*What to produce:* In the data that follows, find the line with "Woman holding calendar"; transcribe it, every later line up to the one with "hands of hunter", and that line as well, exactly and with no others.

*Data listing:*
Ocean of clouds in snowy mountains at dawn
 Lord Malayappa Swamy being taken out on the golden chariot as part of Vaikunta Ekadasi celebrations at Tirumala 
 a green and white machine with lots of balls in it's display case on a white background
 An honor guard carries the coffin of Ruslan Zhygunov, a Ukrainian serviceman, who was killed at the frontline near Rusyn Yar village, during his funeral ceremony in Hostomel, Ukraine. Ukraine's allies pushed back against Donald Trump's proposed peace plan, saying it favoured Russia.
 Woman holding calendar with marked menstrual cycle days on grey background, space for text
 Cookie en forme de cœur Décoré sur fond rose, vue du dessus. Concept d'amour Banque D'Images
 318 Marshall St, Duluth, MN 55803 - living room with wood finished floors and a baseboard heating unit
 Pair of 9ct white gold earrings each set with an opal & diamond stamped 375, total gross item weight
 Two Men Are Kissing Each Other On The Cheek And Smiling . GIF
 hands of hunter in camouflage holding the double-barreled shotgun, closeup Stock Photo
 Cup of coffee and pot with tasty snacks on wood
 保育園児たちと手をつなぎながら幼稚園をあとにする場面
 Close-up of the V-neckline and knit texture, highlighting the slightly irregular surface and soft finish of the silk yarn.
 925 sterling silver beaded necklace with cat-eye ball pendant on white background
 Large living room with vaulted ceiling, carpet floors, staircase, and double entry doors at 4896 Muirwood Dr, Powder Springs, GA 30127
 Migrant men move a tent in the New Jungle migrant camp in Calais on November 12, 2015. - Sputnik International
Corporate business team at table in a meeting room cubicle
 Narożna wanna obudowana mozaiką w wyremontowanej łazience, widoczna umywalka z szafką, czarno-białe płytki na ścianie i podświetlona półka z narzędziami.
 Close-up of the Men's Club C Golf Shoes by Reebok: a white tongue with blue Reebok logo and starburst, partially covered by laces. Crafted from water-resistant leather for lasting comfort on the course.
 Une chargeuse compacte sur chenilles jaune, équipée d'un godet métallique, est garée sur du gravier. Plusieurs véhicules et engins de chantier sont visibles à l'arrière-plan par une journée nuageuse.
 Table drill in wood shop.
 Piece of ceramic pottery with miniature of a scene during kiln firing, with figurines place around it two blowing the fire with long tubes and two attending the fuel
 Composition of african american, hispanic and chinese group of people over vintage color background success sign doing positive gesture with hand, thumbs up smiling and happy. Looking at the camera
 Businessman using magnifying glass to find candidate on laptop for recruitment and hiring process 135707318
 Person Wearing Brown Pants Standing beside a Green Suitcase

*Answer section:*
 Woman holding calendar with marked menstrual cycle days on grey background, space for text
 Cookie en forme de cœur Décoré sur fond rose, vue du dessus. Concept d'amour Banque D'Images
 318 Marshall St, Duluth, MN 55803 - living room with wood finished floors and a baseboard heating unit
 Pair of 9ct white gold earrings each set with an opal & diamond stamped 375, total gross item weight
 Two Men Are Kissing Each Other On The Cheek And Smiling . GIF
 hands of hunter in camouflage holding the double-barreled shotgun, closeup Stock Photo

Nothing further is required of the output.